Chego ao escritório, ligo o computador, o ar quente. Noto que me esqueci do telemóvel no carro. Saio para a rua, omitindo-me da responsabilidade que o universo tomou a seu cargo, fazendo-me voltar a passar por ele, desta vez de merenda na mão, ainda quente, embrulhada no papel pardo. Justifico a mim própria que desta vez não fui eu a tomar a iniciativa. Penso também que de facto tudo nos é permitido, desde que consigamos um argumento. Na vontade de ver nisto uma dica para o contacto que ainda assim adiei, aproximo-me dele e estendo o embrulho. Disse-me, num castelhano que não domino, que não percebia. Fiz-lhe sinal se queria comer, num inexpressivo gesto de máscara posta. Aceitou, mas deixou-me sem resposta, e acreditem que poucas vezes isso me aconteceu, quando me perguntou:  por qué?

Eu tinha a resposta, mas não quis dar-lha. Não podia dizer-lhe que me fizeram confusão os pés gélidos. Que tinha visto um saco pequeno junto dele onde com certeza não caberia comida. Que me senti profundamente perturbada pela sua exposição ao frio. Que senti a sua debilidade. Que era visível a sua carência.

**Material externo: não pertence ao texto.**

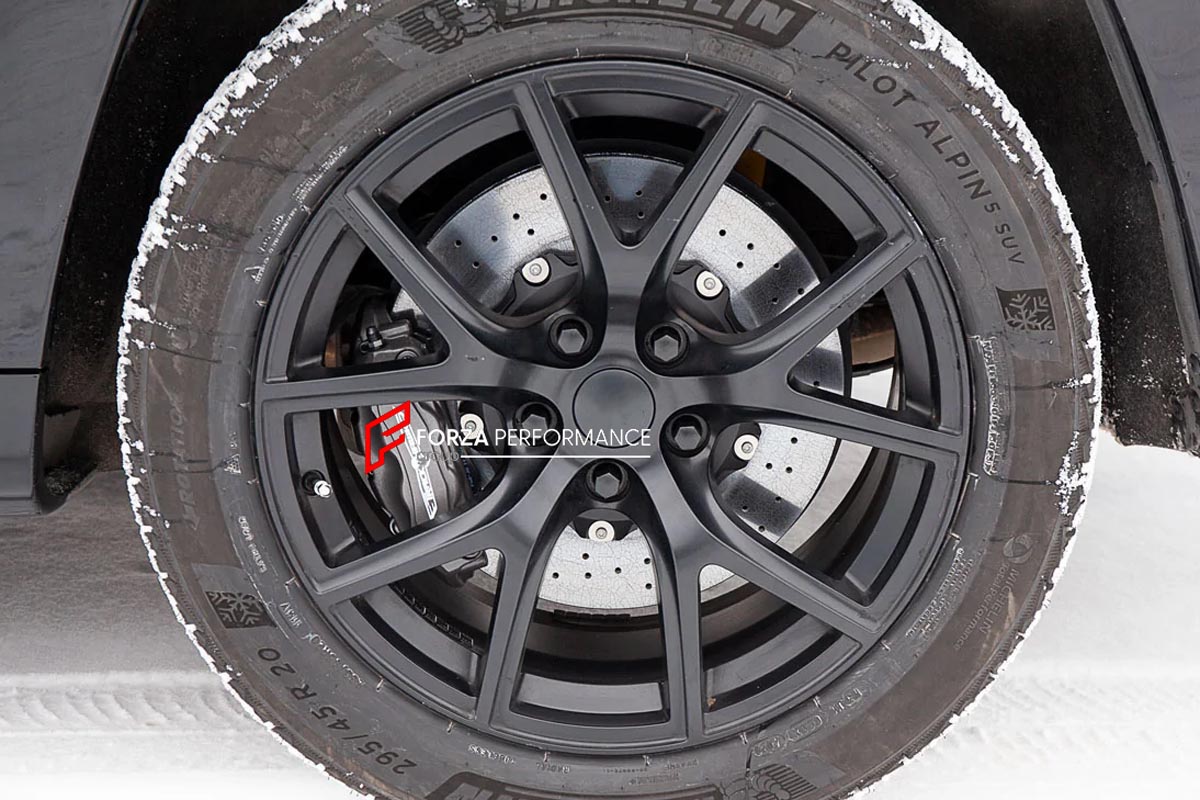CARBON CERAMIC BIG BRAKE KIT for JEEP GRAND CHEROKEE TRACKHAWK WK2 2018 - 2023

Forza Performance Group offers various types of big brake kits, all types of aftermarket brake calipers, as well as genuine original brands of all types, such as AP Racing, Brembo, Akebono, AMG, M Performance, Audi, Porsche, Lamborghini, Toyota TRD, etc.

Current set includes:

2x 6 Pot Front Brake Calipers
4 pot Rear Brake Calipers
2x Front Brake Discs 402 mm

2x Rear Brake Discs 380 mm
2x Brake Caliper Adapters
4x Brake Pads

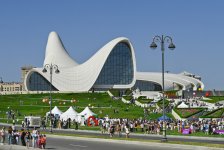 В парке Центра Гейдара Алиева прошел детский фестиваль (ФОТО)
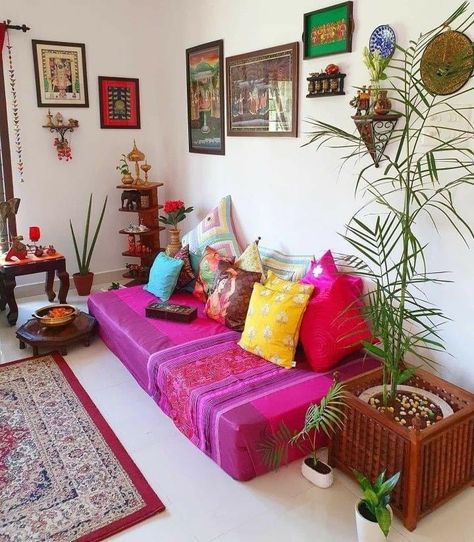 Marathi House Interior, Indian Modern Living Room, Bhartiya Baithak, Floor Seating Living Room, Lounge Living Room, Living Room Wall Decor Ideas, Indian Living Room, Colorful Room Decor, Indian Room Decor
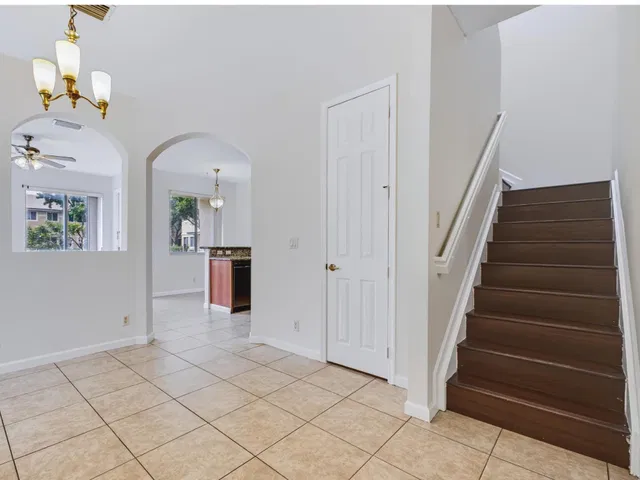 Residence photo 20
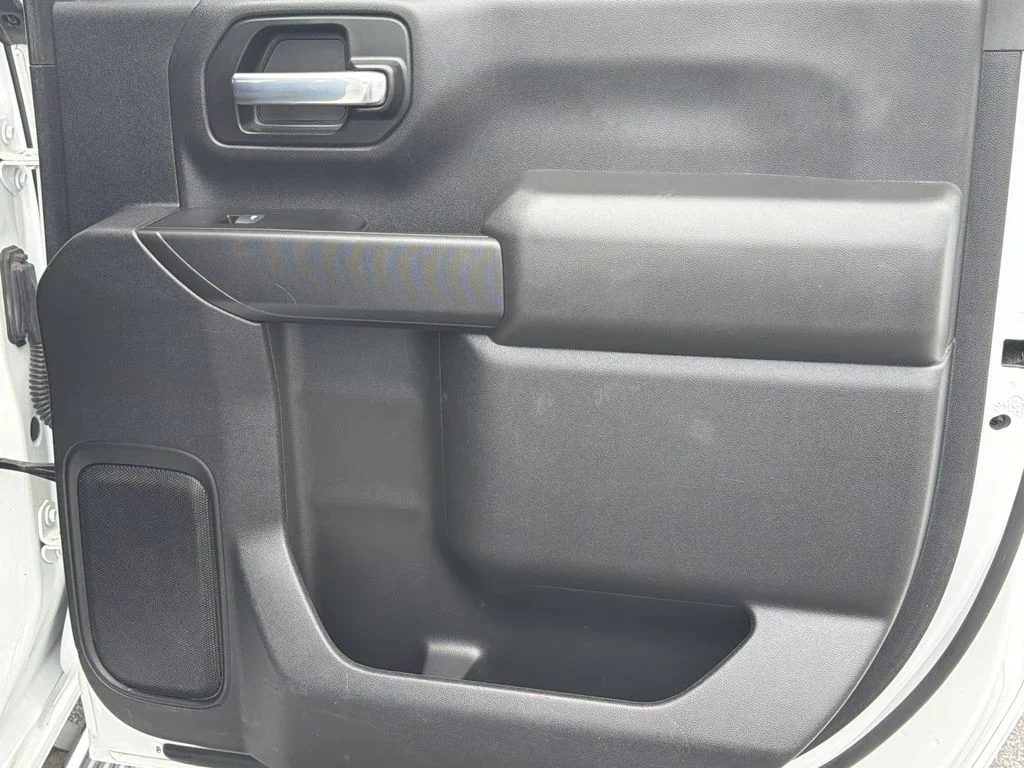Used 2022 White Chevrolet LT image 20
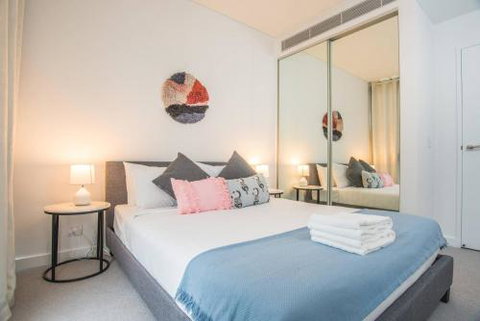 STUNNING Luxury 2beds2bathAPT AtCBD (Haymarket) - Yamba Accommodation 6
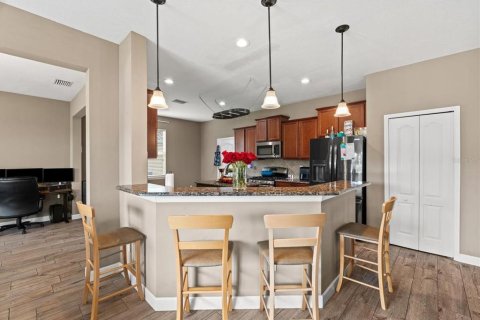 House in Sarasota, Florida 4 bedrooms, 215.9 sq.m. № 1909779 - photo 8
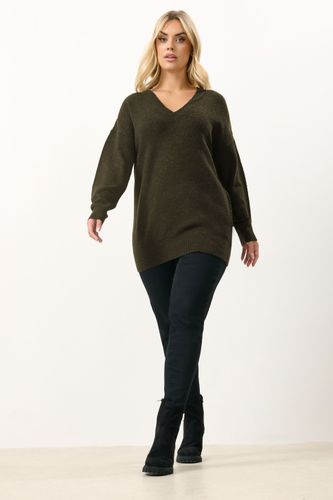 Pull Doux À Col En V Chocolat Size 62-64 - Yours - Modalova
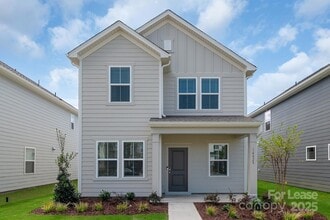 Building Photo - 14028 Penbury Ln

Fui trabalhar, permanecendo na minha ideia aquele homem que me deixou sem palavras. Ocorreu-me que estaria apenas de passagem, porque, ao contrário de outros, não tinha cartões nem cobertores ou sacos de tudo e de nada, ou talvez fosse apenas um recém-chegado. Eventualmente estaria perdido, não só geograficamente, mas na sua própria vida. E eu senti-me igualmente perdida, sem saber como agir, como falar, eu que não tenho solução para o caso, mas que ainda assim não consigo passar adiante.

Em tempos, houve outros sem-abrigo por aqui. Habituámo-nos a vê-los com a sua parafernália oculta aos olhares mais desatentos, desdobrada ao anoitecer como móvel encastrado. Alguns eram rudes, outros pediam dinheiro que era gasto em vinho no supermercado mais próximo. Outros ainda pediam comer e algumas pessoas chegaram a pagar-lhes uma sopa no café da zona. Outro, mais excêntrico, vivia na rua, mas de manhã pegava no tablet e era vê-lo no café a ver as notícias do dia. Alguns tinham mesmo histórias ligadas ao cais, e conta-se até que um deles terá tentado fugir com uma vaca que foi descarregada dum navio. Habituámo-nos. Como é possível habituarmo-nos?!

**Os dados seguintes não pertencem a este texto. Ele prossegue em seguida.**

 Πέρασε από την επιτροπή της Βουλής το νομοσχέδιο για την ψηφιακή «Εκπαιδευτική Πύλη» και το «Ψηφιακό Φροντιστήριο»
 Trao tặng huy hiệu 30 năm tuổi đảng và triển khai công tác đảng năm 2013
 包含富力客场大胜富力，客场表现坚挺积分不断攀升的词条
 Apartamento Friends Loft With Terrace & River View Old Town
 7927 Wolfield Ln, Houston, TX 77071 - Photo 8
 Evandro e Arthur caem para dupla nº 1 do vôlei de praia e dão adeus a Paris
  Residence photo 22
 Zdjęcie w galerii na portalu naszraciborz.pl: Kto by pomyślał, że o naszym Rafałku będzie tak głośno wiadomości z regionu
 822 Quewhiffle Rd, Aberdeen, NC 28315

Quando saí já não o vi e confesso o meu alívio, cobarde alívio, porque já não precisaria enfrentá-lo se voltasse a perguntar-me: porquê? Ou sendo menos auto focada, mais que isso, optimista, talvez tivesse um plano, e tivesse partido na sua concretização. Contudo, na manhã seguinte lá estava ele, com uns cartões angariados, com mais um saco onde consegui vislumbrar laranjas. Permaneceu. Os pés roxos também. Ao ver que a cidade acordava, arrumou as coisas  num cantinho e partiu. Não o voltei a ver nesse dia. Mas ao anoitecer, o volume de sacos tinha aumentado. Percebo, pelo volume, que será roupa. Mais alguém pensa nele. Há quem lhe vá deixando, na sua ausência, um conforto.

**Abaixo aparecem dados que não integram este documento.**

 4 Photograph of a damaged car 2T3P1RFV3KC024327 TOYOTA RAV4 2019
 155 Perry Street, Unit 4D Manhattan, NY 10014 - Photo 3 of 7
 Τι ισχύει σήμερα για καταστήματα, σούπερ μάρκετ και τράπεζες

O que se diz a alguém assim? Como passar por ele sem o ignorar, mas também sem que ele veja a dor no nosso olhar? Como fazê-lo sem o melindrar, sem parecer que lhe dizemos que a sua pobreza é tão imensa que é impossível não notar? Sem o ofender na assunção de que precisa de ajuda? Como abordá-lo, se não temos soluções? Temos nós, cidadãos comuns, que ter soluções? Ou devemos, na fraqueza de princípios, sacudidela do capote, esperar que alguém, entidade, associação ou outro, tome a si a dura tarefa e converse com ele, se inteire da sua história? Isso faz de nós seres fugitivos aos problemas? Ou de forma oposta, somos intrometidos na vida alheia? O que pode cada um de nós fazer efectivamente?

À pergunta dele – por qué? – junto a minha: como reagir a?